Los Angeles is a world class city. I was certain from the moment I saw the US Customs and Border Protection Service (?) describing itself as 'a world class law enforcement service' at immigration.
Everyone thinks I am gay, including gay guys and girls I am hitting on. A number of misconceptions have been quashed. For one, having seen a variety of corn-fed Americans in England, I have realised that Angelenos brown, white and black are largely shorter than me. It is true that LA Asians have achieved or exceeded height parity with their cohabitants, but that's pretty short.
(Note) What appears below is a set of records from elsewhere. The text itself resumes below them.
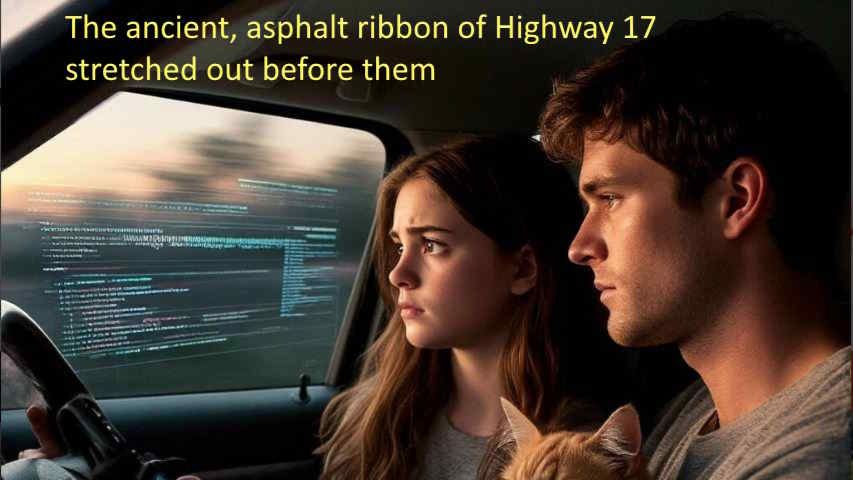 Story # 300 : The ancient, asphalt ribbon of Highway 17 stretched out before them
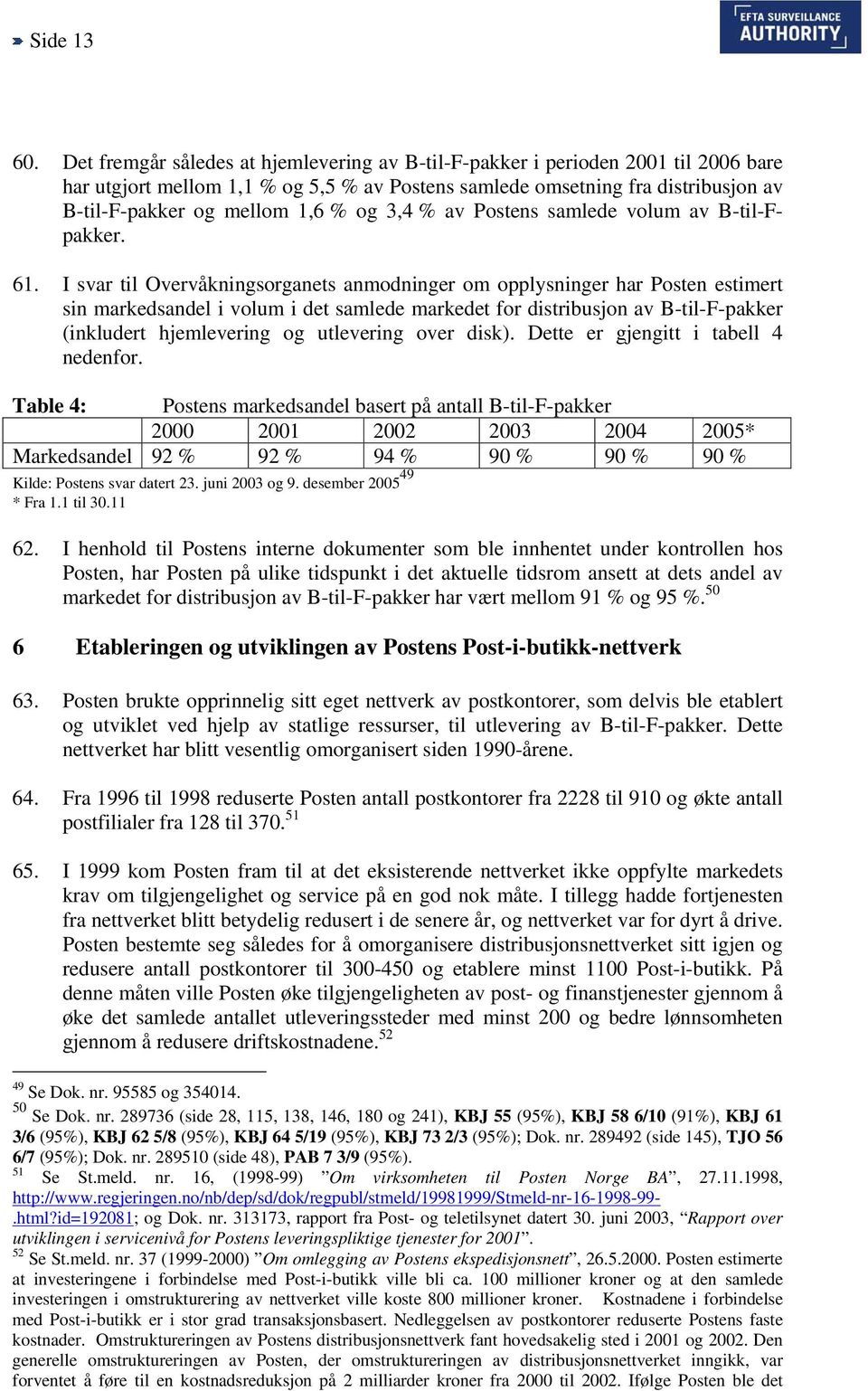 og 3,4 % av Postens samlede volum av B-til-Fpakker. 61.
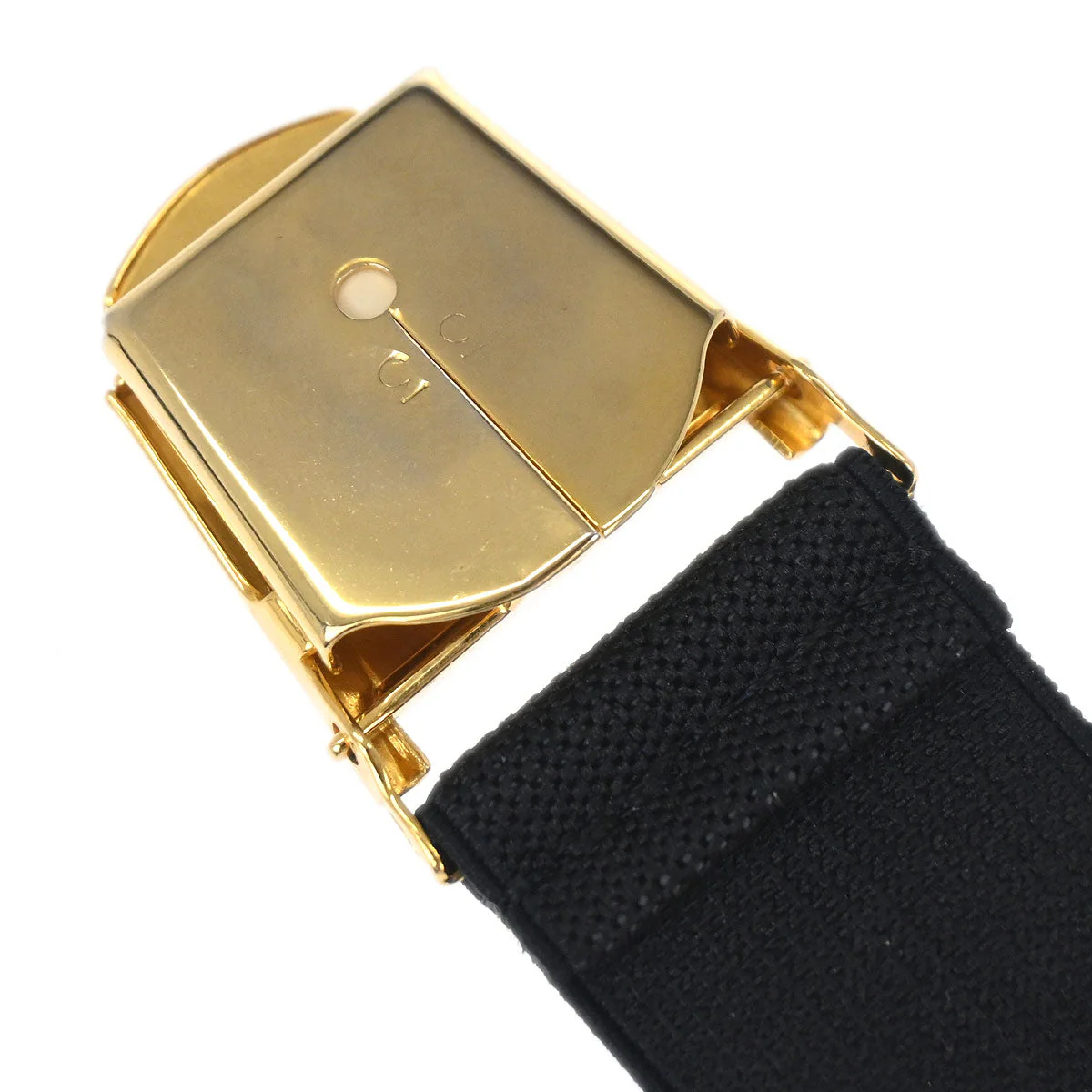 Chanel Black Canvas Logo Clip Armband Wristband 33 Small Good - Image 4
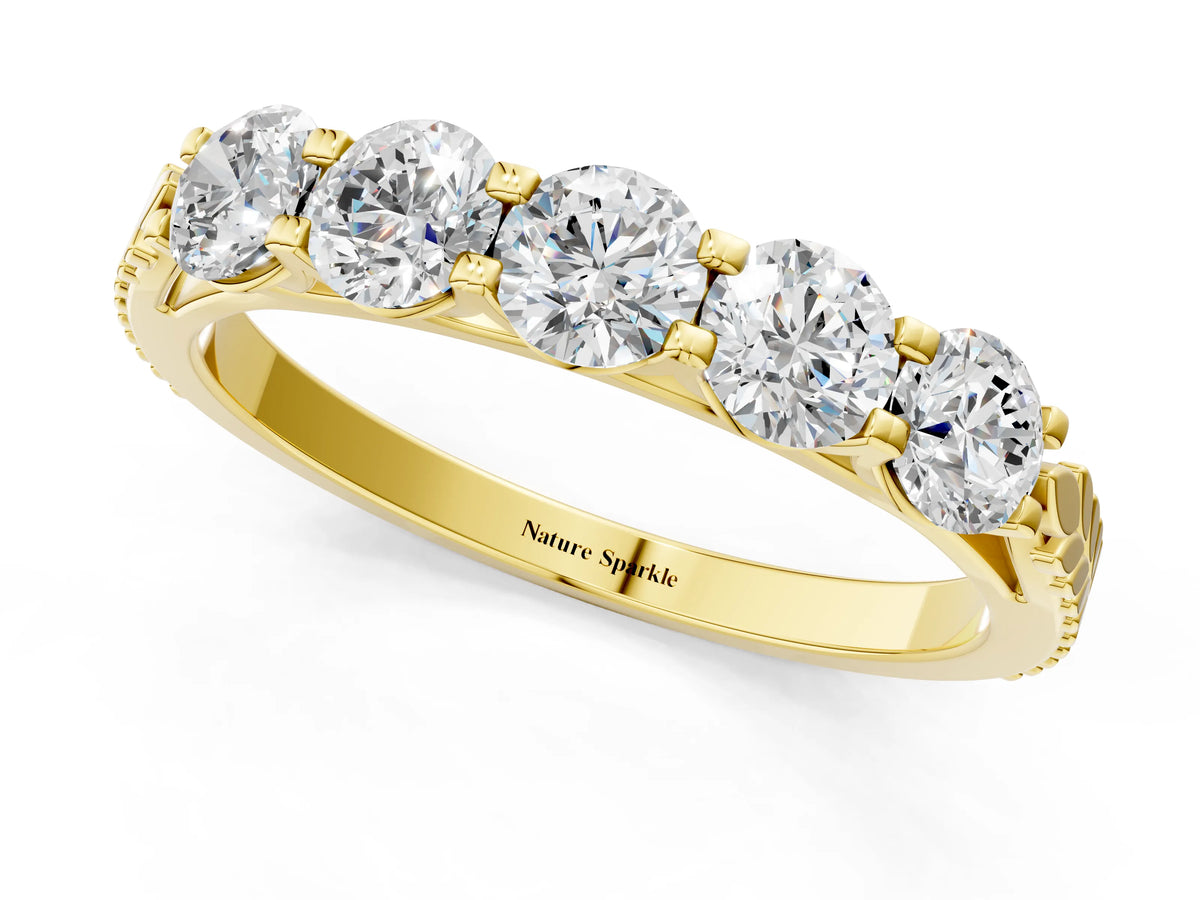 Yellow gold Five-Stone Round Diamond Prong-Set Band_1
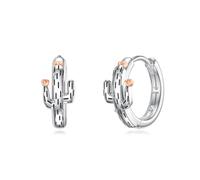 Cactus Earrings Sterling Silver Cactus Huggie Hoop Earrings Plant Western Jewellery for Women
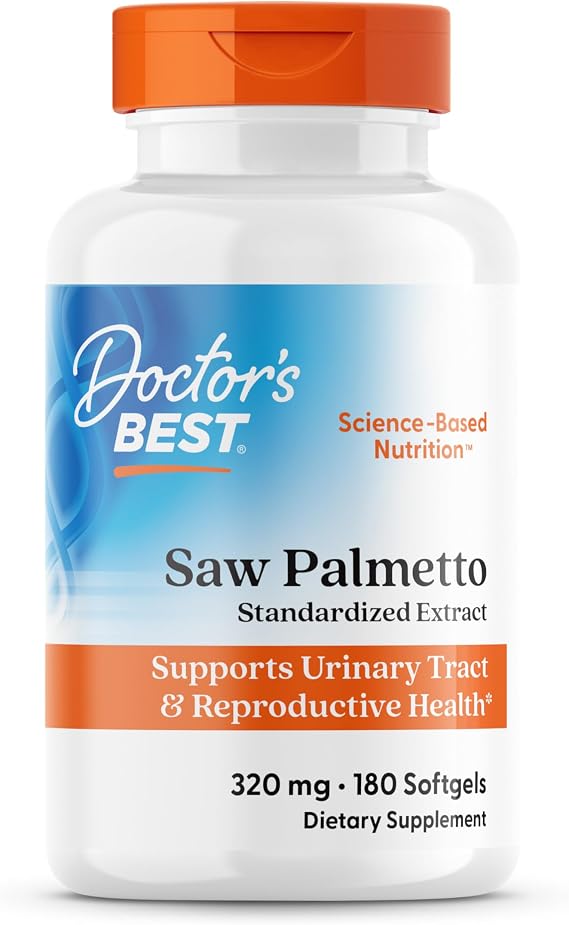 Doctor's Best Saw Palmetto Extract Supplement, Non GMO, 180 Ct Softgels | for Men & Women, Prostate Function & Urinary Tract Support, Hair Health Support, Saw Palmetto Herb 320 mg, Gluten Free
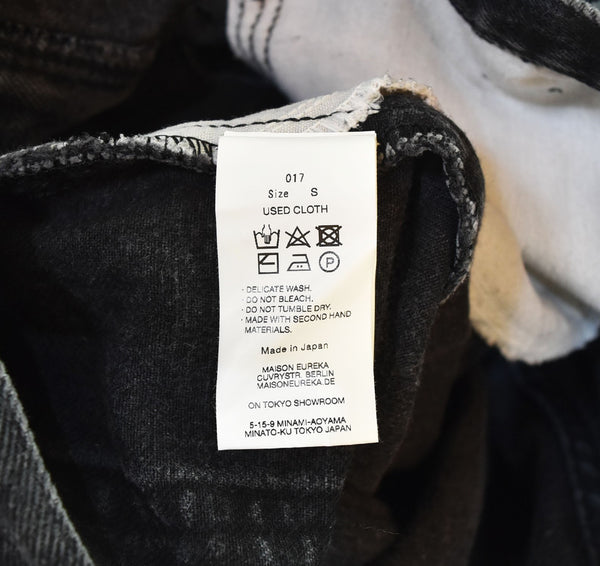 メゾン エウレカ MAISON EUREKA VINTAGE REWORK BIGGY PANTS ヴィンテージ リワーク バギー パンツ BLACK DENIM ブラックデニム 変形 デニム パンツ ラップ 17 デニム ブラック Sサイズ 103LB-3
Next, Angelenos are generally not fat. Taking the train (after a shuttle bus) into and out of the city to Hollywood, the relatively poor commuters were almost entirely well fit. The only particular concentration of fat people I have seen was in the Mission de Los Angelos de la Reina so on and so on puebla theme church on the site of the old Chinatown in the city. These presumably middleclass Latino families were pretty tubby, kids especially. I'm pretty sure the parents had me spotted as an overfriendly Irish priest, so I couldn't quiz them on their diet. I saw a freeway mural nearby with aspirational kids playing in a sort of zero sum ascent of man, two Latinos, two whites, two blacks and an Asian, which I would say would be about an accurate spread for LA County. The relocated Chinatown is the biggest and most Westernised Chinatown I have ever seen (I got some pho at a Vietnamese restaurant with some kind of capsicum or unpickled jalepenos on the side! No pizzle in 'the lot'); first I wondered what the point was, then I didn't.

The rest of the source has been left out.